И после всего этого я с болью в сердце в день 25-летия со дня своего ареста узнал из письма Святейшего Отца, помеченного 18 декабря 1973 года, что он, выражая мне свою признательность и благодарность, объявил архиепископскую кафедру Эстергома вакантной. 7 января 1974 года я написал ему письмо, в котором выразил свою глубокую скорбь, но в то же самое время разъяснил, что ответственность за последствия ухода со своего поста я не мог взять на себя не из личных соображений и не из властолюбия. Я не мог согласиться с этим, потому что это еще более осложнит положение Венгерской церкви и повредит религиозной жизни, внеся смущение в души верных своим убеждениям католиков и стойких священнослужителей.

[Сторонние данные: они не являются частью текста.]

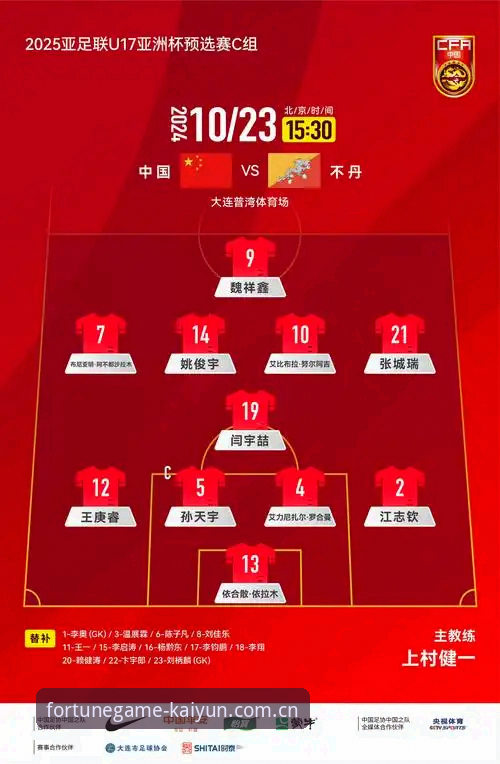 揭秘U17世界杯抽签：中国男女足命运几何？背后故事与赛事数据全解析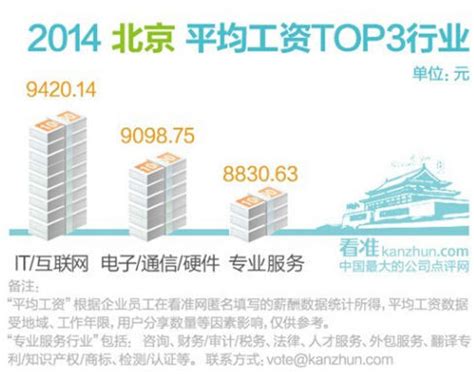 南昌平均月工资是多少钱,2019年南昌平均退休工资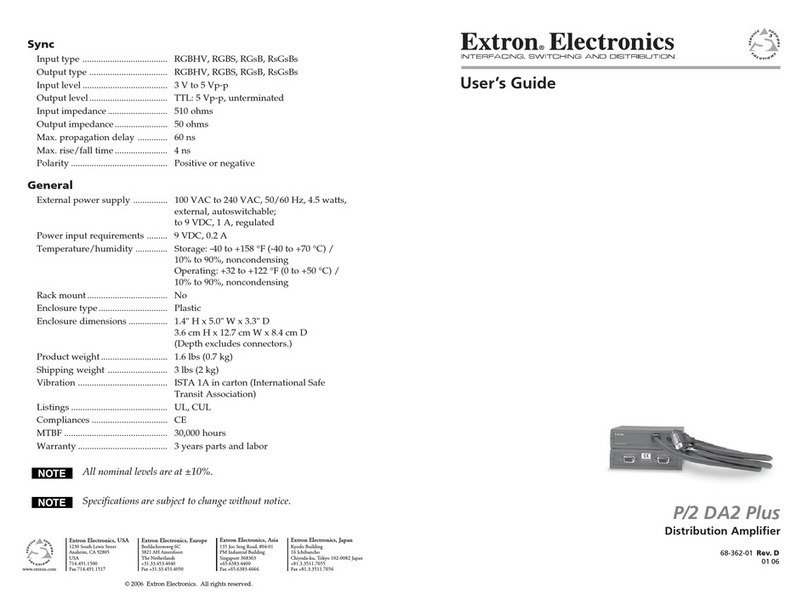 Extron electronics P/2 DA2 Plus User manual
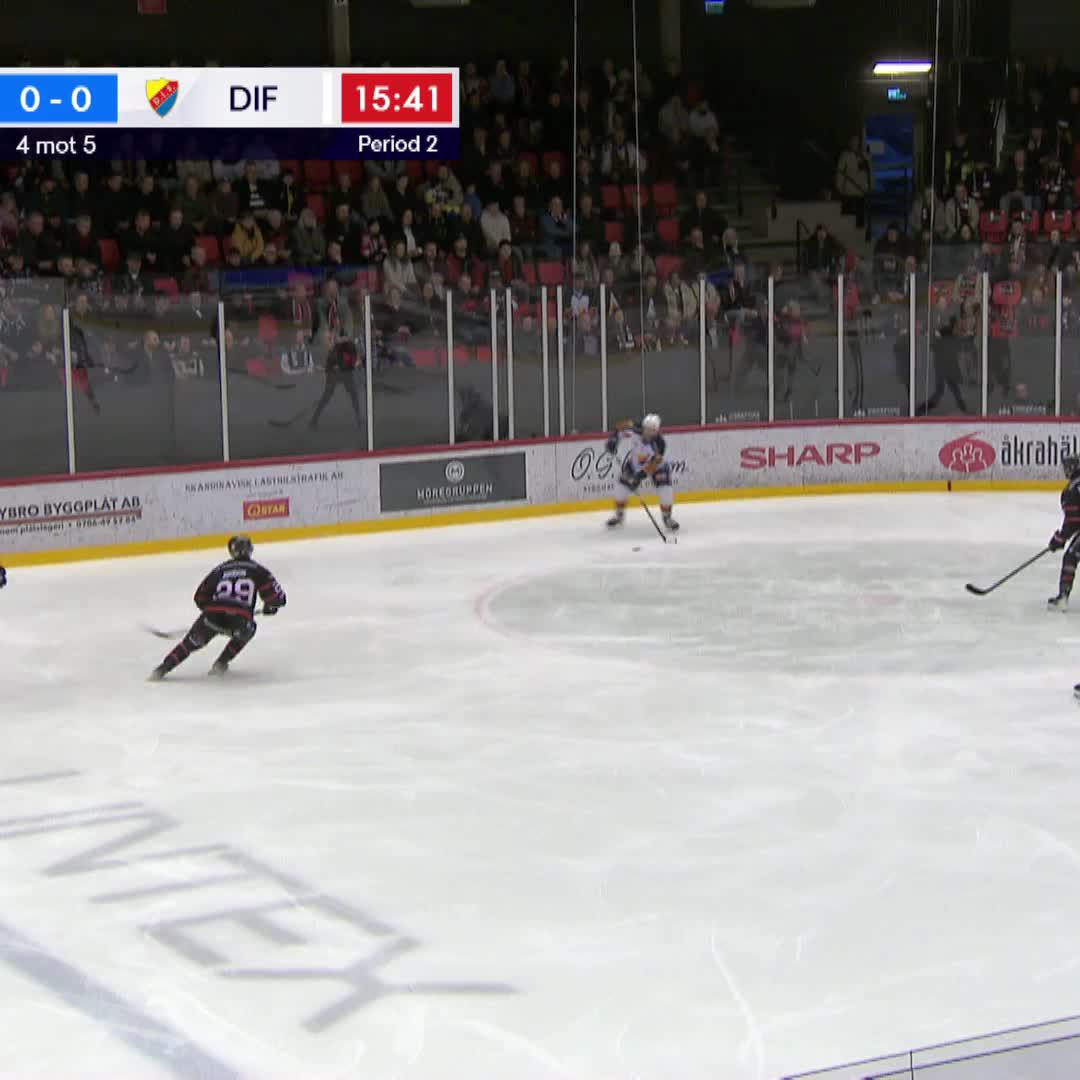 Säsongens kyligaste styrning?! 🥶 Matchen pågår – streama på TV4 Play 📺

Я просил папу отменить свое решение. Но ничего подобного не произошло. Вместо этого именно в день 25-летия показательного процесса надо мной, 5 февраля 1974 года, было объявлено о моем смещении с Эстергомской архиепископской кафедры. На следующий день я счел себя вынужденным с глубокой скорбью передать через свой секретариат следующее заявление для печати:

«Некоторые информационные агентства сообщили о решении Ватикана в такой форме, что создалось впечатление, будто Йожеф кардинал Миндсенти добровольно ушел на покой. Информационные агентства подчеркивают, что папскому решению предшествовал интенсивный обмен письмами между Ватиканом и находящимся в Вене кардиналом-примасом и архиепископом. Из этого можно было заключить, что решение было принято после того, как между Ватиканом и венгерским архипастырем было достигнуто по этому вопросу единодушие. В интересах истины кардинал Миндсенти уполномочил свой секретариат опубликовать нижеследующее:

Кардинал Миндсенти не отрекся ни от своей архиепископской кафедры, ни от своего сана примаса Венгрии. Решение об этом было принято одним только Святейшим Престолом.

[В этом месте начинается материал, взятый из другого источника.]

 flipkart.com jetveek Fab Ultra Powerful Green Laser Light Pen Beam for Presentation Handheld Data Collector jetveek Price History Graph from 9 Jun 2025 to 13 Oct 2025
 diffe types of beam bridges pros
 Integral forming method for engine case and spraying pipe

Кардинал обосновывает занятую им в этом вопросе после длительных и добросовестных размышлений позицию следующим образом:

1. Венгрия и Католическая церковь Венгрии не свободны.

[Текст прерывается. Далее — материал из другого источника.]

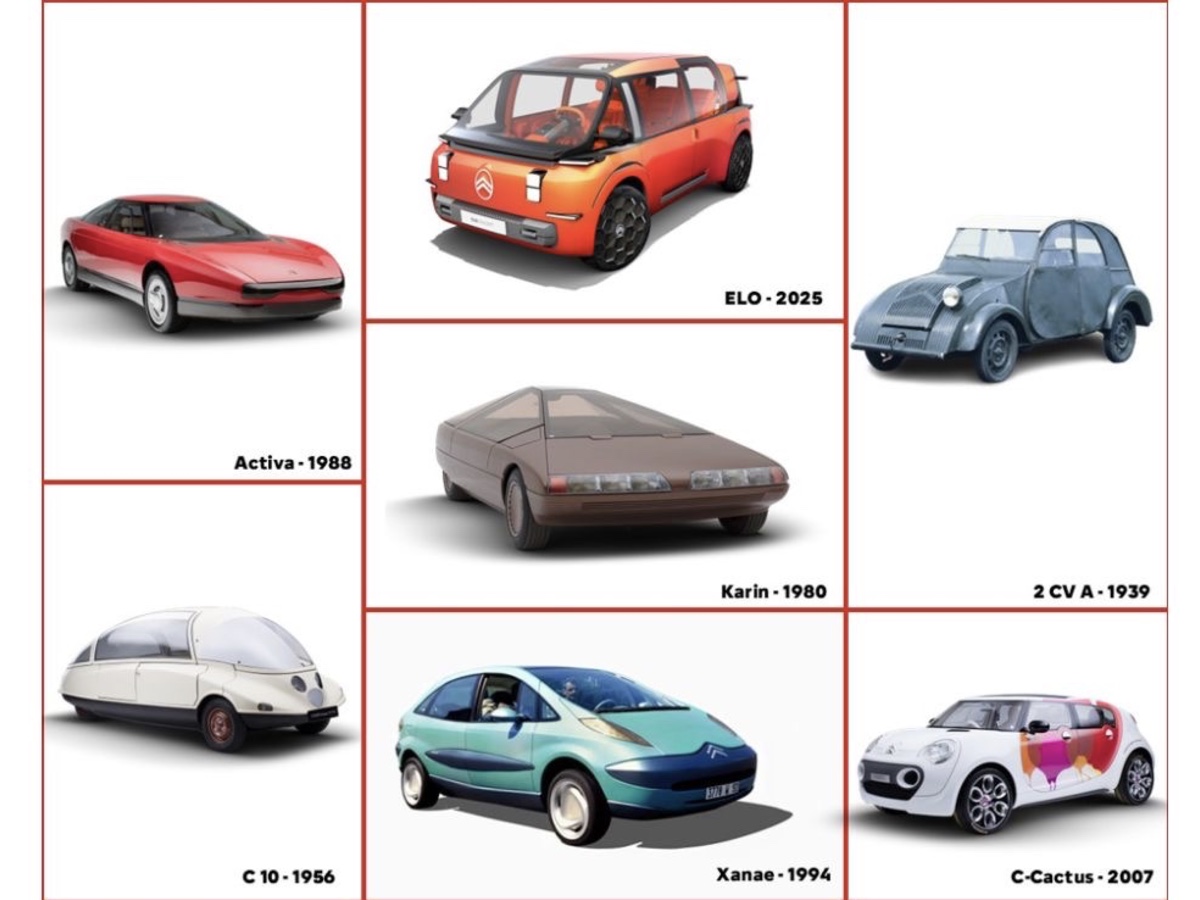 Citroën Rétromobile 2026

2. Епархиями руководит церковное управление, созданное коммунистическим режимом и им контролируемое.

3. Ни один архиепископ, епископ или апостолический администратор не может изменить состава или действий упомянутого церковного управления.

4. Кому занимать церковные посты и сколько времени им на этих постах пребывать — решает режим. Режим решает, кого епископы могут рукополагать в священники, а кого нет.

5. Гарантируемая конституцией свобода совести и вероисповедания на самом деле подавляется. Факультативное преподавание Закона Божия — и то уже в школах городов и крупных сел отменено. В настоящее время продолжается борьба за сохранение факультативного преподавания Закона Божия в школах небольших селений. Вопреки воле родителей, молодежь воспитывают исключительно в духе атеизма. Верующие подвергаются ущемлению своих прав во многих областях повседневной жизни. Только что верующих учителей и учительниц поставили перед выбором — или отречение от веры, или потеря работы по профессии.

До тех пор пока все эти нестерпимые обстоятельства не будут устранены, назначение новых епископов или хотя бы даже только апостолических администраторов проблем венгерской Церкви решить не сможет. Назначение священников-«борцов за мир» на ключевые церковные посты подрывает доверие верных Церкви священников и верующих к высшему церковному руководству.

Принимая во внимание эти веские соображения, кардинал Миндсенти не мог согласиться на добровольное отречение».

Так я вступил на путь изоляции и тотального изгнанничества.

1974–1975, №№ 1–4

 

От редакции – 2012

Пятого мая 2012 года Генеральная прокуратура Венгрии реабилитировала бывшего примаса Венгрии кардинала Йожефа Миндсенти.

 

 


[1]     Цирк начинается. — Прим. пер.

 

[2]     Пазманий, или Пазманеум — подворье Венгерской церкви в Вене, носящее имя кардинала Петера Пазманя, 1570–1637, иезуита и главного деятеля католической контрреформации в Венгрии. — Прим. пер.

 

[3]     Лишен возможности исполнять свои обязанности.– Прим. пер.

 

[4]     Храм, где кардинал Миндсенти считался настоятелем. — Прим. пер.

 

[5]     Ежедневная газета, издаваемая Ватиканом. — Прим. пер.